Darling? What’s that about?

I let that ride in my reply: “Say what?”

“What have you done for me lately?” she asked.

According to tradition, falling trees take precedence over writing new stuff.

According to tradition, falling trees take precedence over writing new stuff.

Well, a lot of things. I thought about writing something. I mulled over some ideas. I wondered whether or not to dream up a short story for the Harper’s Bazaar contest. And I read the kinds of books that fire up my imagination and make it more likely I’ll write something. I told her all this.

Her response was, “pfffft.”

I wanted to tell her that writers, like normal people, become preoccupied with life. We’re concerned about GMOs in our food, fellow writers who are under the weather, why Cote de Pablo is leaving “NCIS,” and whether or not the Copyright Office has heard of our books. Okay, sometimes we wonder if anyone has heard of our books, but the muse doesn’t want to hear whiny points of view like that.

Some writers say that if we don’t write every day, we’re screwed, we’re going to lose our touch, we’re not being true to our art and craft. To that, I say (as Colonel Potter said on M*A*S*H): “Horsehockey.”

On the other hand, if there’s no manuscript in progress, then chances are good there won’t be, say, a Pulitzer Prize coming in the mail next year.

Many of us go through periods of limbo when, frankly, we have nothing to say. My friend Smoky Zeidel calls these “fallow times.” I like that. We need times when we can renew ourselves.

My muse told me, “At your age, you don’t have time for fallow times.”

You really know how to hurt a guy, I thought. I didn’t say that because I was busy saying: “I thought you’d forgotten my birthday, DARLING.”  (We were now in Facebook chat mode and we all know how klugey that is.)

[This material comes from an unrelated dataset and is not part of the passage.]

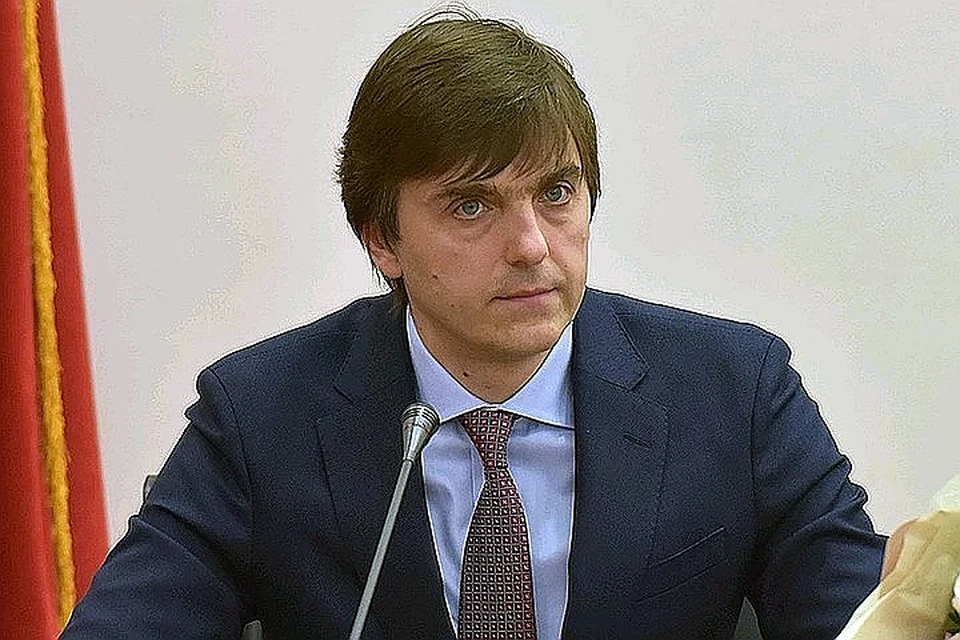 Министр просвещения Сергей Кравцов. Фото: Министерство просвещения Российской Федерации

“Heaven’s no,” she said. “I’m sending you a dream tonight about a prospective new novel that’s going to be bigger than The Cuckoo’s Calling.”

“Please tell me it’s not a private eye story about a body that falls and/or is thrown off a balcony with a name like The Ostrich’s Calling.”

“You’ve been sticking your head in the sand too long already,” she snapped. “What I have for you is a dark Southern charmer called Rabbit on a Hot Tin Roof.”

Fortunately, I heard the storm blow a tree down across the driveway, giving me an excuse to run outside in the rain and snap a blurry photograph. I wondered though: “When a tree falls outside a writer’s house, does his muse hear it?”